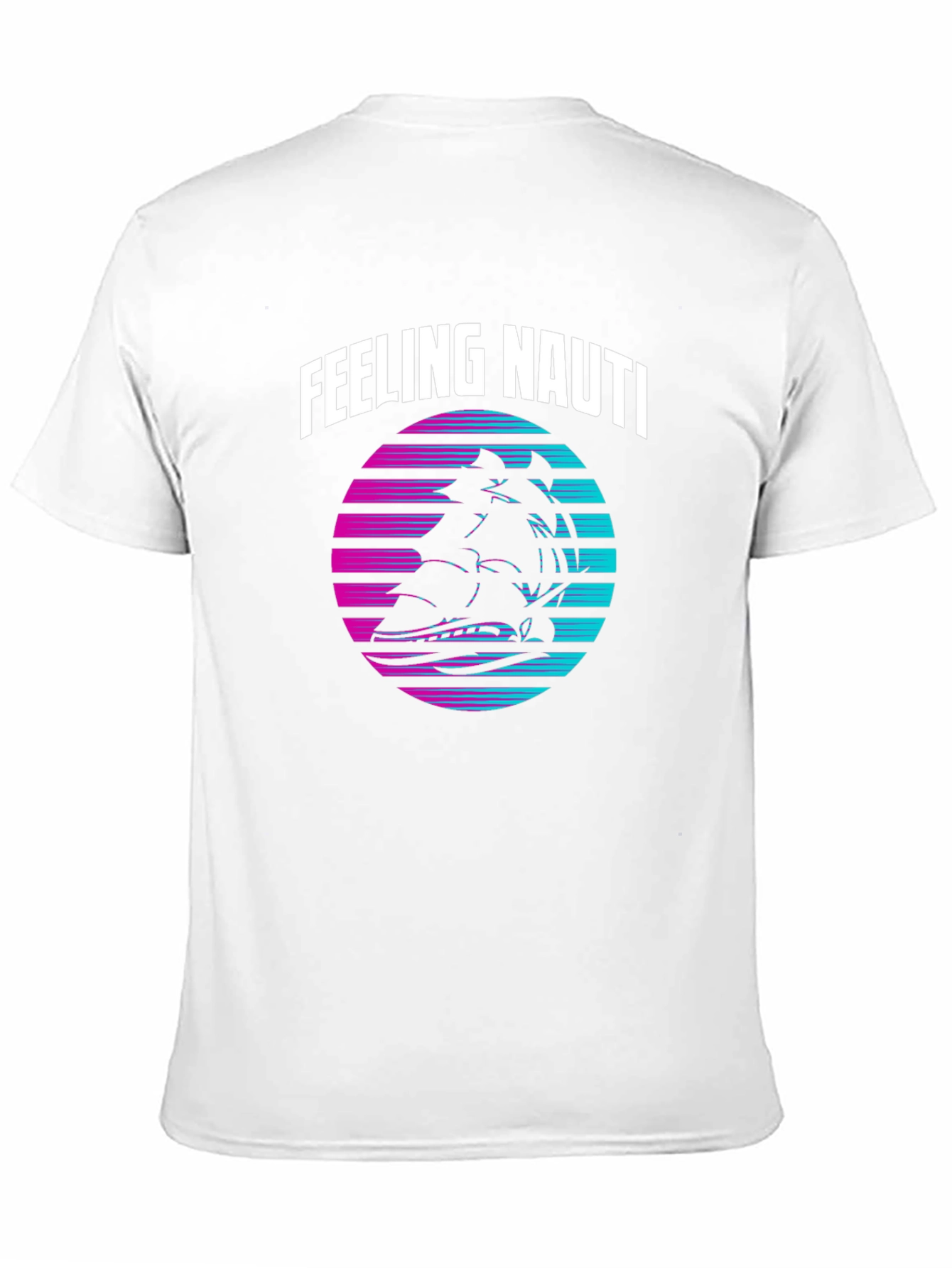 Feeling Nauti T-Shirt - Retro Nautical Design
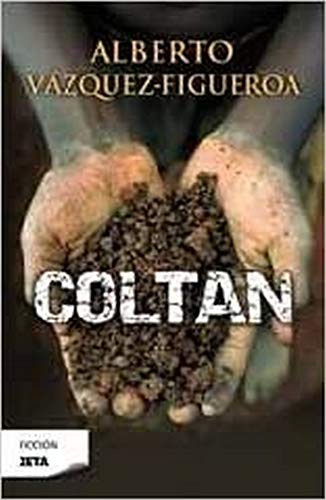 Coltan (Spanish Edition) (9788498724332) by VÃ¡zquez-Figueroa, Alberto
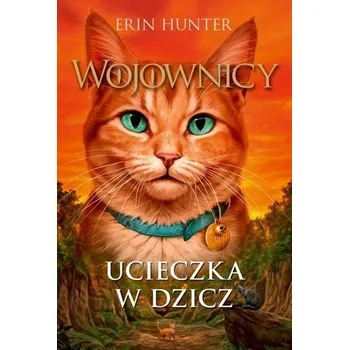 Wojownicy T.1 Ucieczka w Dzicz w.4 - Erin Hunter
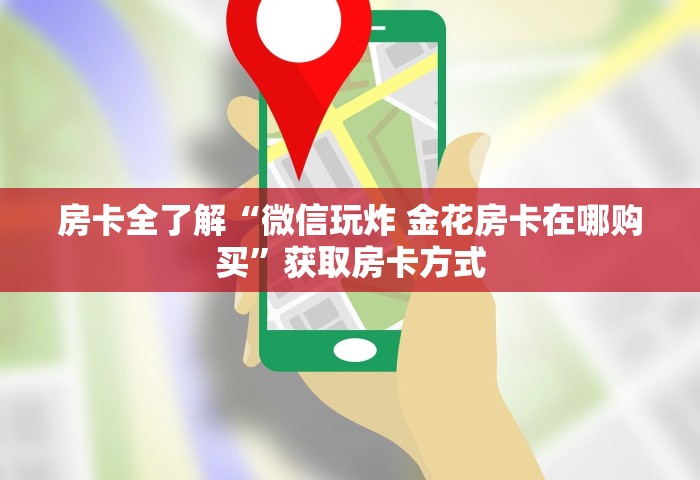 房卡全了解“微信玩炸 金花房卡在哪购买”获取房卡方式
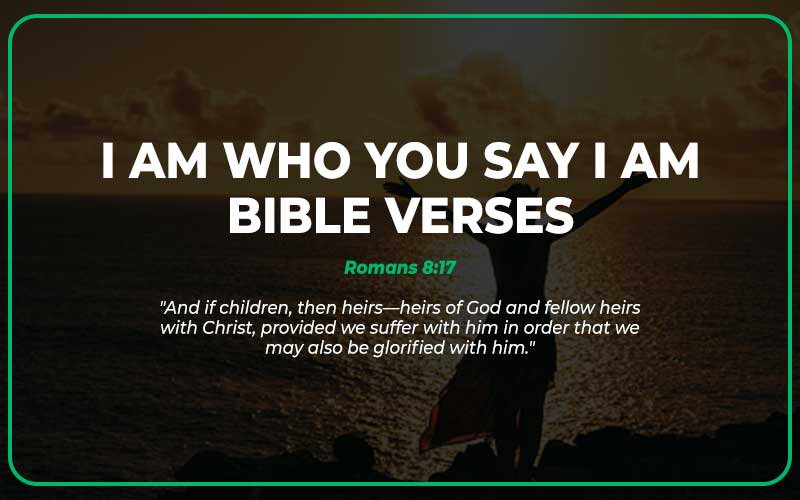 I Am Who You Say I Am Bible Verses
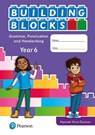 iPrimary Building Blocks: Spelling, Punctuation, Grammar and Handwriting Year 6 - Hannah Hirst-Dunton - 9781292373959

Try it: Copy the lines of the records, beginning where the line containing "I Am Who You Say I Am Bible Verses" appears and continuing through the final line, exactly and with no pictures.

Written reply:
 I Am Who You Say I Am Bible Verses
 iPrimary Building Blocks: Spelling, Punctuation, Grammar and Handwriting Year 6 - Hannah Hirst-Dunton - 9781292373959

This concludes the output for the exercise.